Last item (and could use feedback on this) - D3 doesn't have summer camp for three weeks starting next week so W's family a few hours away is watching her for the first week. We normally go altogether and W asked me what I wanted to do. Given that it's her family I told her that if she wanted me to go, I would go, and if she wants to go solo, then she is welcome to do so. She decided to go solo. I'm sad because this is a family thing and, as someone who enjoys serving others, I enjoyed serving my family by doing the [boring] drive. I'm also a bit sad since D3 will be away from me for a whole week (rather than five nights if I were to go along to drop her off). Was it wrong to defer?
I'm still really looking forward to being done with the divorce process. I mean, I don't see us reconciling prior to divorce and knowing that someone hates me and is operating from such a negative position is grating. Is this normal? Or is it me mentally giving up?
crd - My W took my kids to the ILs for a week right after the BD. We had the same discussion, and decided (mutually) that I would not go. Perhaps you could negotiate some 1:1 time with D3 in return before the end of summer? Or ask to do a daily video chat (or whatever frequency you prefer) with her while she is at ILs?
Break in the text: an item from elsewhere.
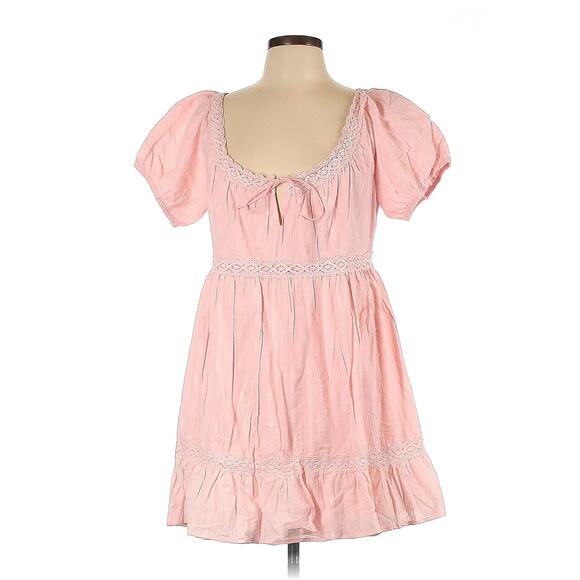 Lulus So Darling Light Pink Dotted Short Sleeve Mini Babydoll Dress XL NWT - Picture 3 of 7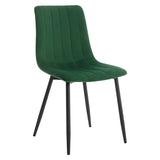 Set van 4 BukkitBow eetkamerstoelen met fluweel of leer, metalen poten en ergonomisch Scandinavisch design.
For text blow-ups, I am learning on the fly also. Our MC says: "Who will be where at what time?" That's all you need to text. Now... it works best if you both are on board. Anytime she flips out, I would suggest calling her out on it, or just drawing a boundary that you will not keep responding to accusations or mind-reading. Also, general advice, don't try to change agreed-upon plans, even if it seems easy. My W wanted to take D5 to a party last weekend, I should have said no, but once I said yes, I was not going to renegotiate. I gritted my teeth and let it lie.
I am also engaging in some of the "playing family" stuff like you - I think it's really up to you how to handle it. We may do some family dinners here and there, but I'm gradually disengaging. I just don't see the point, it's way more enjoyable when I'm alone with my kids right now.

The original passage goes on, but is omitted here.